Lauren: It has, I feel that I’m definitely on the fence now, because I would like to see abortion become unnecessary, but I do understand that all situations are very different.
RTT: What would you like to see done to reduce the numbers of abortions?
Lauren: Free birth control and birth control education in schools. Cut out government funding for the churches and give everyone free birth control.
RTT: Do you believe religion has any influence on reproductive rights and issues like abortion?
Lauren: No, I don’t think it should. Biology and religion are nowhere close to being the same thing.
RTT: Thank you so much for this opportunity to interview you. I really appreciate your insight of the opposite side of the fence and how it has affected you.
I feel very grateful that I was able to speak with this lovely young lady.

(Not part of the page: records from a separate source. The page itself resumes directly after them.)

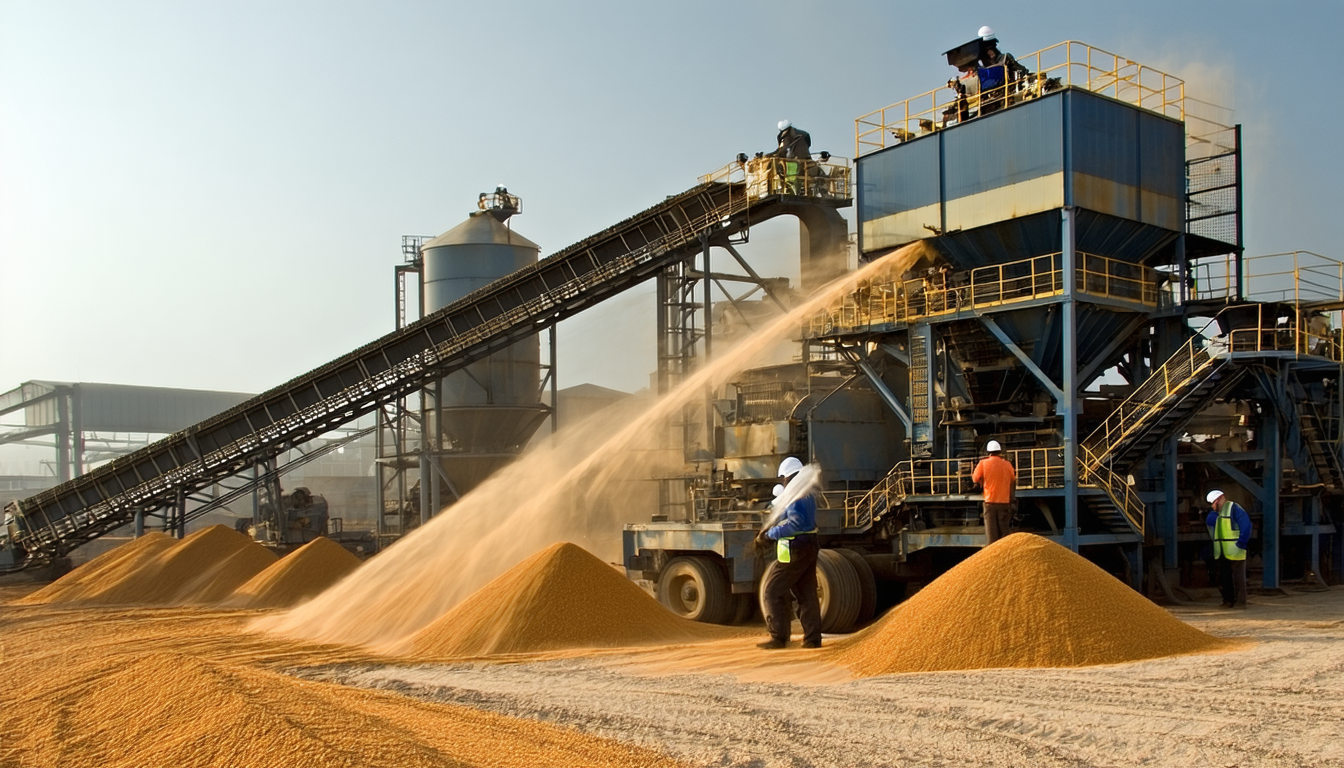 Grain processing plant with machinery and grain dust.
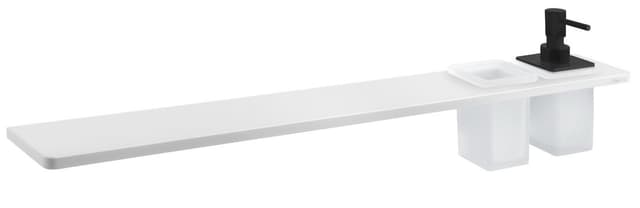 ABELINE półka, kubek + dozownik mydła/czarny, 800mm, Rockstone, biały mat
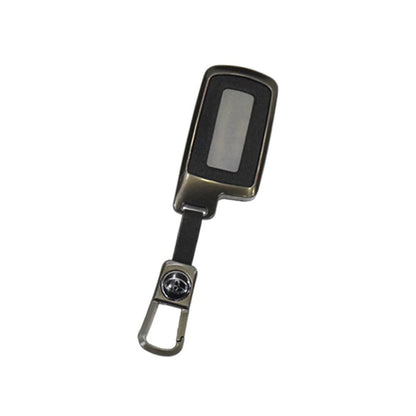 Metal key fob cover, dark gray with window and hook loop, Toyota logo badge
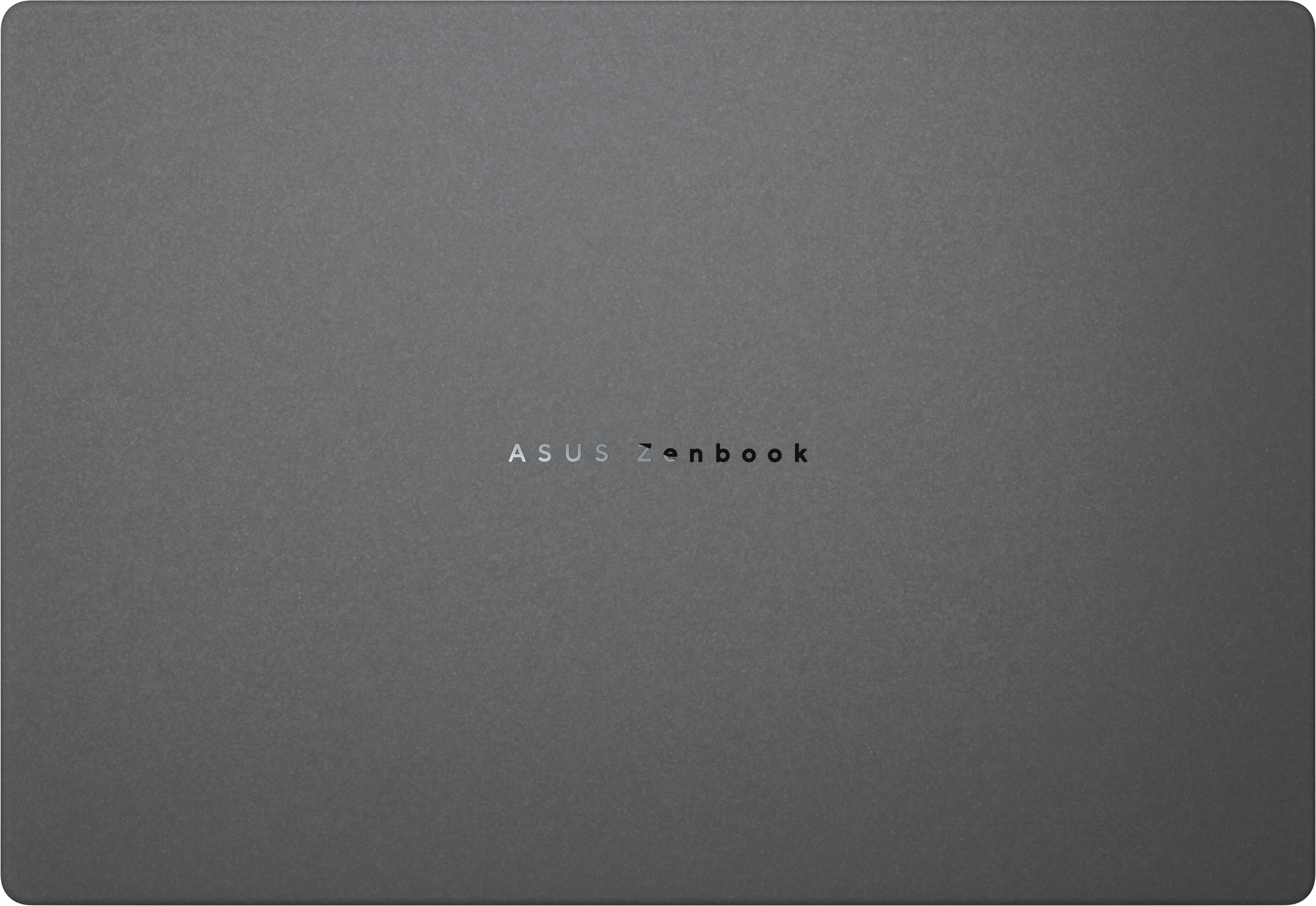 Grauer Laptop mit ASUS Zenbook Schriftzug in der Mitte.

We exchanged questions and answers via Facebook.
******Names have been changed.

4 responses to “An Interview with a Pro-Life Woman and her Abortion Story.

  1. Unfortunately, she is wrong that Pro-Choicers dismiss the experiences of women who feel negatively about their abortions. Plus, Pro-Choicers DO believe that life begins at conception, we just don’t believe that it should have more rights than anyone else.

  2. I’m glad that she’s “on the fence”. but at the same time, I don’t think she realizes that pro-choicers don’t love abortions. I see abortions as I see any other medical procedure. It’s necessary and it’s better off safe and legal.

    I think she is pro-choice, but she just doesn’t want to be labeled as such because extreme pro-lifers make us look like baby-hating monsters. I don’t hate babies. In fact, I think they’re adorable and I’m a proud aunt to a beautiful baby girl.

  3. I think this is a powerfull website with a lot interesting blogposts about this stuff. And i just wanna say thnx for this. I’ll subscribe to your website to see if you post more stuff like these!

  4. This is great. Thanks so much for being brave enough to do this. I wish more would. We all KNOW that there are equally as many pro-lifers having abortions; they just swallow up the guilt. I believe that that’s actually the reason for their impassioned pleas. Guilt.

    Pro-Choice does not equal pro-abortion. It means exactly what it is – the right to choose.